Sen. Rand Paul, R-Ky., speaks with reporters on Wednesday after threatening to reveal the name of the Ukraine whistleblower.

Sen. Rand Paul, R-Ky., speaks with reporters on Wednesday after threatening to reveal the name of the Ukraine whistleblower. J. Scott Applewhite/AP

What’s at Stake If Sen. Rand Paul Names the Ukraine Whistleblower

While there might not be legal implications, the move could hurt national security and have a chilling effect on future whistleblowers. 

Sen. Rand Paul, R-Ky., has repeatedly said he might name the whistleblower of the Ukraine call that led to the House’s impeachment inquiry, despite concerns about national security and a chilling effect on other federal employees who may want to come forward with reports of potential misdeeds.

On Tuesday night on Fox News Paul said, “I can and I may” give a speech on the Senate floor to disclose the name. He, along with President Trump and Sen. Lindsey Graham, R-S.C., are among the few calling for the whistleblower to be named. “There’s no law that prevents me from mentioning the name,” Paul said. He agreed the whistleblower should have protection from being fired or jailed, but said the president has the right to face his accuser if there is a trial, under the Sixth Amendment of the U.S. Constitution. Paul also claimed without evidence that the whistleblower could be a material witness in a corruption case against the Bidens.

On Wednesday afternoon he blocked a resolution to reaffirm support for whistleblower protections. Additionally, he introduced a bill that “will expand the whistleblower act [and] would be made retroactive so Edward Snowden can come home to live in his own country. All he did was expose that his government was not obeying the Constitution” he said. “If the fake outrage here is really towards whistleblowing, why don’t we make it retroactive to defend the most famous whistleblower of all time.”

Observers said that while Paul may not face legal consequences if he exposes the whistleblower’s name, there could be other serious ramifications. 

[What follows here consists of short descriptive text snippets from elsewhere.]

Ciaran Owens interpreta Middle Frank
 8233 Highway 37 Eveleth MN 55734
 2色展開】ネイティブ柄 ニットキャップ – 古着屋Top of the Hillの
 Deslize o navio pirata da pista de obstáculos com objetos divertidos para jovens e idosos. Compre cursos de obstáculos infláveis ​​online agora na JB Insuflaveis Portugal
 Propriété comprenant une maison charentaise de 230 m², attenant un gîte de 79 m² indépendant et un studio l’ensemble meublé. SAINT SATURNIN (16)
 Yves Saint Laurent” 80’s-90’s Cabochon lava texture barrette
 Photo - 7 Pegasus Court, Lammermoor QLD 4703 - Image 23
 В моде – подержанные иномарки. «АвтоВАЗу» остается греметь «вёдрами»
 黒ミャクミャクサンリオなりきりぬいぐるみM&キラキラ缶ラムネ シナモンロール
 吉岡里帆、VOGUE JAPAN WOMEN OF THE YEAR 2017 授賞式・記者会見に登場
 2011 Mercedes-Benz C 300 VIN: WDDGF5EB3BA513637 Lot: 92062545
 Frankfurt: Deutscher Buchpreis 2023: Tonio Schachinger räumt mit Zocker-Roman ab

“Given the ‘speech and debate’ protections afforded to members of Congress, I think it's both possible for Senator Paul to violate a law by naming the whistleblower and also suffer no legal consequences,” said Liz Hempowicz, director of public policy for the nonprofit Project on Government Oversight. However, “Members of Congress like Rand Paul who are threatening to out the whistleblower are undermining the legal channels they created to prevent concerned citizens from leaking classified information to the press rather than go through internal channels.” 

The whistleblower’s legal team wrote in a Washington Post Op-Ed last month that his or her identity is no longer relevant since the claims have been corroborated by impeachment inquiry witnesses. On Tuesday, they pushed back in response to Paul. “Members of the Intelligence Community, whether they are federal employees or government contractors, must follow the law in disclosing their reasonable belief of a violation of law, rule, regulation or an abuse of authority,” tweeted Andrew Bakaj, co-counsel for the whistleblower. “The call to have my client's identity disclosed will fundamentally harm a process that took decades to build. By extension, it will adversely impact congressional oversight.”

Irvin McCullough, national security analyst at the Government Accountability Project, echoed this sentiment. He told Government Executive that naming the whistleblower will add to the already “massive chilling effect” the president’s supporters have created. “Sen. Paul’s vow to release the whistleblower’s name undercuts so much work whistleblower advocates have done to strengthen Congress’ oversight over the Intelligence Community,” McCullough said. “Whistleblowers should feel safe when they report their concerns to Congress; they shouldn’t worry whether their disclosures are too partisan or powerful to report.”

Democrats and many Republicans such as Sens. Roy Blunt, R-Mo.; John Cornyn, R-Texas; Mitt Romney, R-Utah; Lisa Murkowski, R-Alaska; Shelley Moore Capito, R-W.Va.; Rick Scott, R-Fla.; Thom Tillis, R-N.C., and others have pushed back on identifying the whistleblower. Sen. Chuck Grassley, R-Iowa, long-time whistleblower advocate, told reporters on Monday that it’s “strictly up to the whistleblower,” to reveal his or her identity. 

Paul’s claim that the whistleblower is a material witness, is “beyond unreasonable,” said Kel McClanahan, attorney and executive director of National Security Counselors, a public interest law firm that specializes in national security. “It’s guilty until proven innocent.” Even if the whistleblower were connected to something in Ukraine and/or the Bidens were corrupt, he told Government Executive “none of that in the best possible world for Trump is at all relevant to the impeachment inquiry.”

“[Paul’s] strategy is to ask questions and suggest negative answers, knowing full well that is not actually fact,” tweeted Mark Zaid, co-counsel. He said this comes from an episode of the cartoon South Park, “Yet these Qs undermine #whistleblower protection & may lead to physical harm/harassment of my client. This isn't a cartoon.”

This story has been updated to note that Sen. Paul blocked a resolution Wednesday to reaffirm support for whistleblower protections.